Definitely yes, it is my fault. 
> 
> > +			} else
> > +				continue;
rotate_vy_log();
> > 
> > +typedef int (*wal_relay_cb)(struct xrow_header *header, void *data);
> > +
> > +/**
> > + * Struct wal memory relay structure. */
> 
> 21. Writing of good comments may be harder that writing
> code, but it does not mean, that it should not be done.
> Please, write a normal comment.
Ok
> 
> 22. We write closing */ on a separate line. The only
> exception is that if a whole comment is in one line,
> including /**.
Ok
> 
> > +struct wal_relay {
> > +	struct cmsg base;
> > +	/* Cbus pipe to wal cord. */
> > +	struct cpipe wal_pipe;
> > +	/* Cbus pipe from wal cord. */
> > +	struct cpipe relay_pipe;
> 
> 23. What is a purpose of wal_pipe, what is a purpose
> of relay_pipe, what messages do they deliver?
> I think, it should written here in a comment.
Ok
> 
> > +
> > +	/* Vclock to start relaying. */
> > +	struct vclock *vclock;
> > +	/* Callback to call for each relaying row. */
> > +	wal_relay_cb on_wal_relay;
> 
> 24. Why is that callback needed?
> I think, it should written here in a comment.
Ok
> 
> > +	/* Data pointer to pass to callback. */
> > +	void *cb_data;
> > +	/* Relaying fiber. */
> > +	struct fiber *fiber;
> > +	/* Message to cancel relaying fiber. */
> > +	struct cmsg cancel_msg;
> > +	/* Fiber condition to wait until relaying was stopped. */
> > +	struct fiber_cond done_cond;
> > +	/* Turns to true when relaying was stopped. */
> > +	bool done;
> 
> 25. Then I guess, it is 'is_stopped', no? 'Done' word is
> too common, it means nothing.
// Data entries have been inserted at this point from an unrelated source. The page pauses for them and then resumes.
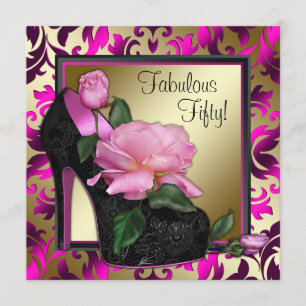 Invitación Fiesta de cumpleaños 50 del Hot Pink Pink para las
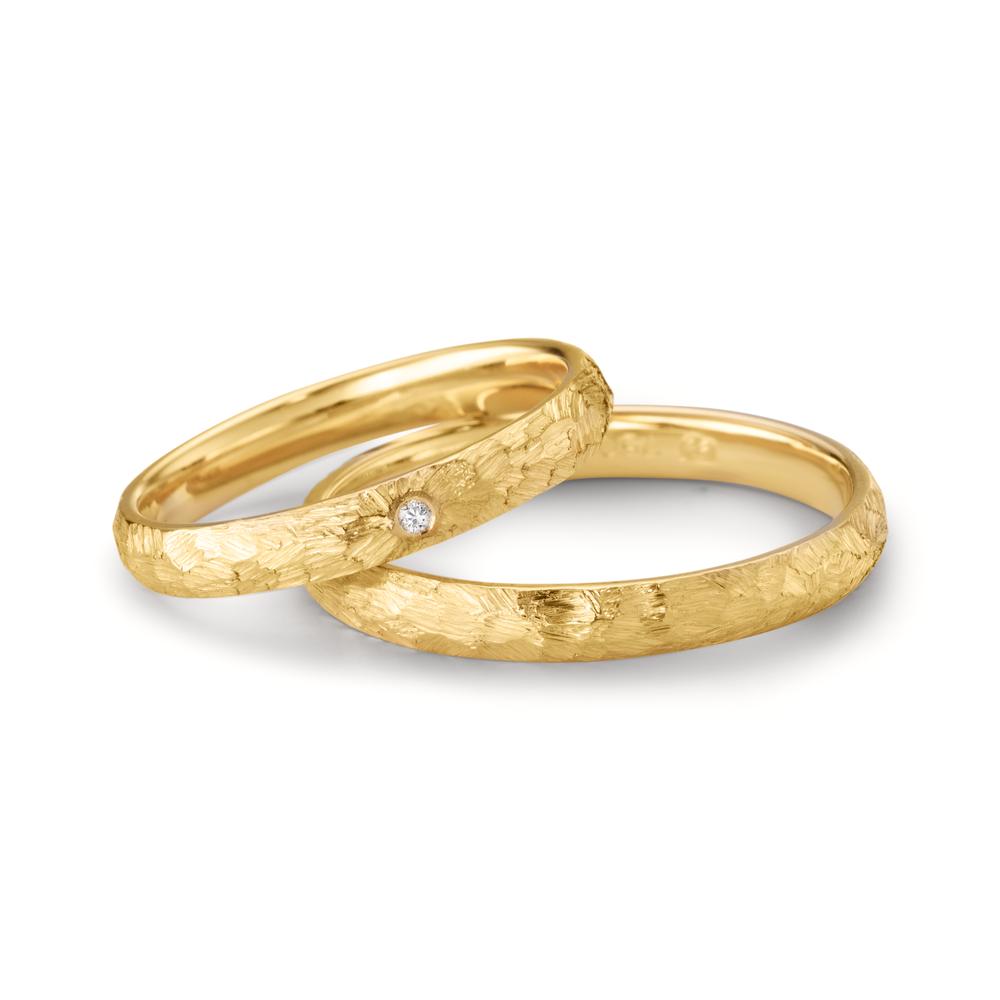 Alliance Or jaune 18K Diamant 0.014 ct, w-si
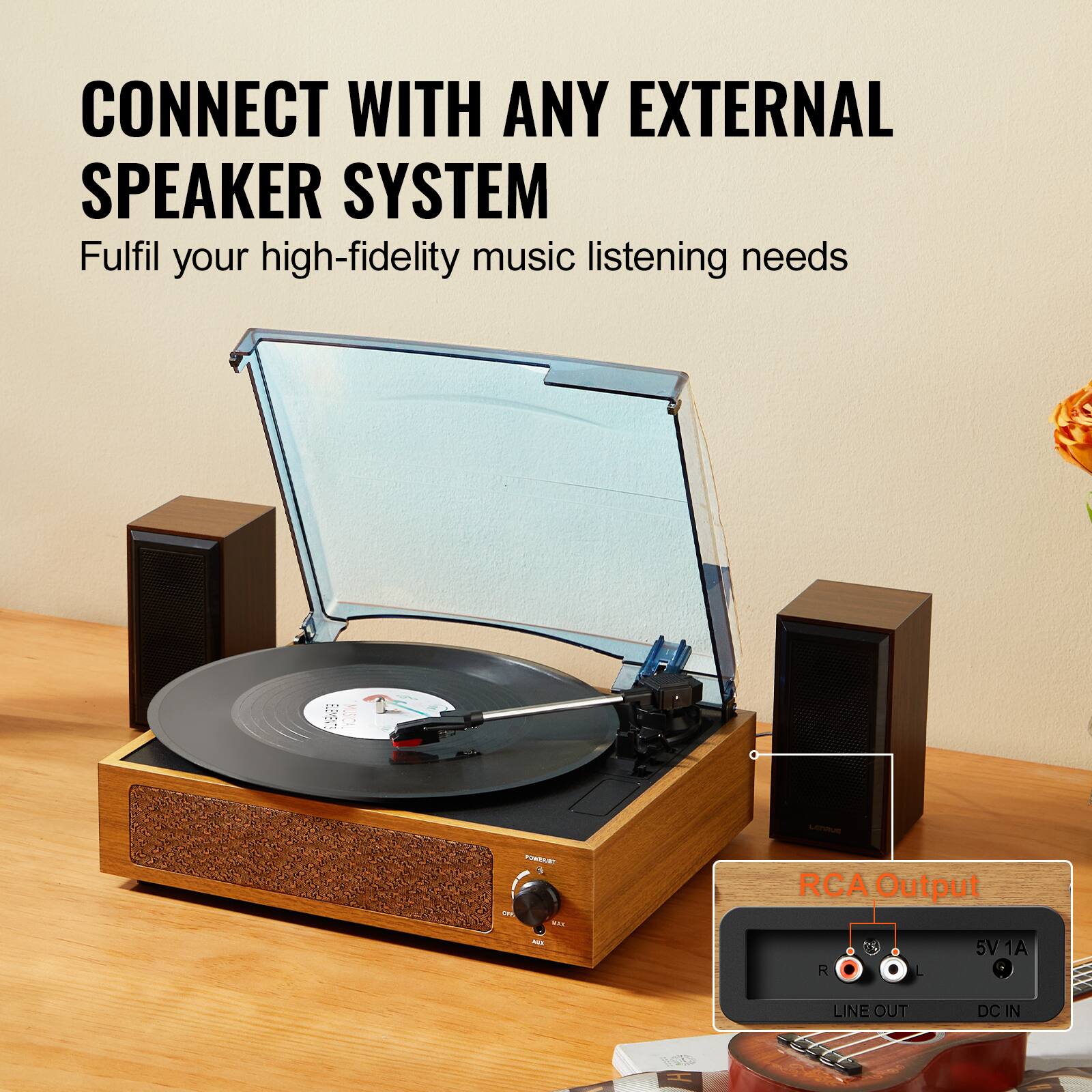 CONNECT WITH ANY EXTERNAL SPEAKER SYSTEM  
Fulfil your high-fidelity music listening needs  

RCA Output  
5V 1A  
LINE OUT  
DC IN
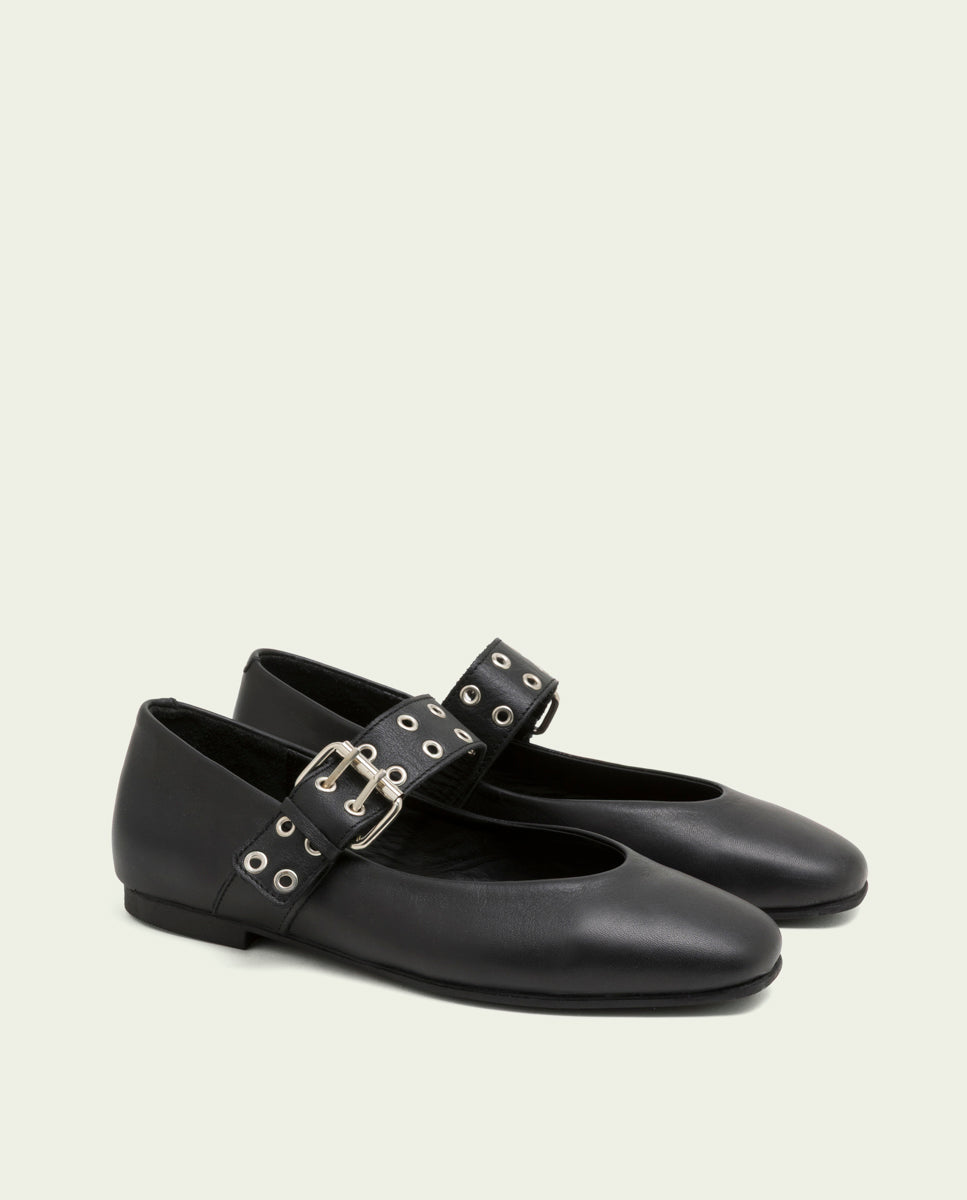 Ballerines plates en cuir Vilma noir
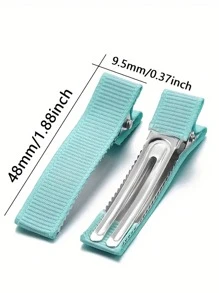 50pcs Polyester Fiber Hairpins In Multiple Colors, 1.88-Inch DIY Handmade Double-Pronged Duckbill Cards With Iron Alloy, Simple Solid Pattern, Suitable For All Seasons, Suitable For Teenagers, Very Suitable For Handcrafting And Outdoor Activities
What is 'done'? Also we use
> 'is_' prefix for flags (or another more sutable verb like
> 'has_', 'are_', 'was_', etc).
Ok
> 
> > +	/* Return code. */
> > +	int rc;
> > +	/* Diagnostic area. */
> > +	struct diag diag;
> > +};
> > +
> > +
> 
> 26. Please, keep one empty line between declarations.
Ok
> 
> > +int
> > +wal_relay(struct wal_relay *wal_relay, struct vclock *vclock,
> > +	  wal_relay_cb on_wal_relay, void *cb_data, const char 
*endpoint_name);
> 
> 27. This function definitely is not a one-liner for which a
> comment could be omitted. Please, write what this function does,
> why, which non-trivial arguments does it take, etc.
Ok
> 
> > +
> > 
> >  #if defined(__cplusplus)
> >  } /* extern "C" */
> >  #endif /* defined(__cplusplus) */
> > 
> > diff --git a/src/lib/core/cbus.c b/src/lib/core/cbus.c
> > index b3b1280e7..b7e6d769b 100644
> > --- a/src/lib/core/cbus.c
> > +++ b/src/lib/core/cbus.c
> > @@ -284,6 +284,9 @@ cpipe_flush_cb(ev_loop *loop, struct ev_async
> > *watcher, int events)> 
> >  	/* Trigger task processing when the queue becomes non-empty. */
> >  	bool output_was_empty;
> > 
> > +	int old_cancel_state;
> > +	pthread_setcancelstate(PTHREAD_CANCEL_DISABLE, &old_cancel_state);
> 
> 28. Why?
Sorry, this is an artifact
> 
> > +
> > 
> >  	tt_pthread_mutex_lock(&endpoint->mutex);
> >  	output_was_empty = stailq_empty(&endpoint->output);
> >  	/** Flush input */
> > 
> > @@ -297,6 +300,7 @@ cpipe_flush_cb(ev_loop *loop, struct ev_async
> > *watcher, int events)> 
> >  		ev_async_send(endpoint->consumer, &endpoint->async);
> >  	
> >  	}
> > 
> > +	pthread_setcancelstate(old_cancel_state, NULL);
> > 
> >  }
> 
> 29. I will review the tests later, when I will fully understand the
> code. But so few tests for such a serious feature looks not enough.
> Could you test it more rigorous?
The issue - this patchset is not changing the tarantool behavior, so there is 
no visible changes to test them. However, I will try to implement some hacking 
and errinj test to show that in-memory replication is working.